Dalton Moats: From KC HS Pitcher to MLB Prospect
First of all let me say that sometimes I get things right. I wrote a story here a few years ago about seeing young Dalton Moats in Florida pitching in a future stars game and he impressed me enough to write an article about what I saw. See article HERE that I wrote in December 2011.
Then I did a follow-up the next summer as I traveled the roads of Missouri. I caught his pitching in a summer league game and penned this ARTICLE in April 2012.
This now brings us to today. Moats has completed his regular season of his senior year and amassed some numbers that are bringing the scouts out to watch. He has been courted by many college scouts throughout the last few years and was able to narrow his choice and make his decision to play Division 1 baseball at Coastal Carolina.

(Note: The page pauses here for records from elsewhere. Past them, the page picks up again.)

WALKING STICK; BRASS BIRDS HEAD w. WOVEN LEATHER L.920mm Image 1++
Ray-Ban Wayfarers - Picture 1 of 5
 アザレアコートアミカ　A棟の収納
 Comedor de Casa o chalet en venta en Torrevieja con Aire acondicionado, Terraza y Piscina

But it has gone beyond that. The unassuming lefthander from Park Hill High School in Kansas City, Missouri left an array of pitching stats and numbers to raise the eyebrows of the major league scouts. Let sort through some of these outstanding numbers and look at what they are seeing.
It is every baseball players’ goal when in high school to play on the Varsity squad as much as possible as soon as they can. For Moats, he got his pitching chance during his sophomore season where he pitched in 4 games and came away with a 1-0 record. In that season he threw 150 pitches and 90 of them were for strikes. He was showing promise to his varsity coach during that season. In fact his High School coach, Greg Reynolds, had this to say in an article recently published in the Kansas City Star:
“We thought of him as a center fielder first and maybe a (No.) 3 or 4 pitcher on our staff,” Reynolds said of his future. “He came back his junior year, though, and he was a totally different kid. We didn’t even recognize him.”
His parents saw potential for Dalton and acted upon their responsibilities to see that he got the best help needed as he began working with a personal trainer and coach to improve his game. Then along came the junior season where he blossomed as a left-handed starter. His numbers became skewed towards the side of beyond the realm of possibility. Junior season saw his record end at 5-1 and a 0.94 ERA. Along with that, he walked 13 and fanned 86 batters in 51.2 innings. In that year he threw 771 pitches and 496 were strikes. This means 64% of his pitches were strikes.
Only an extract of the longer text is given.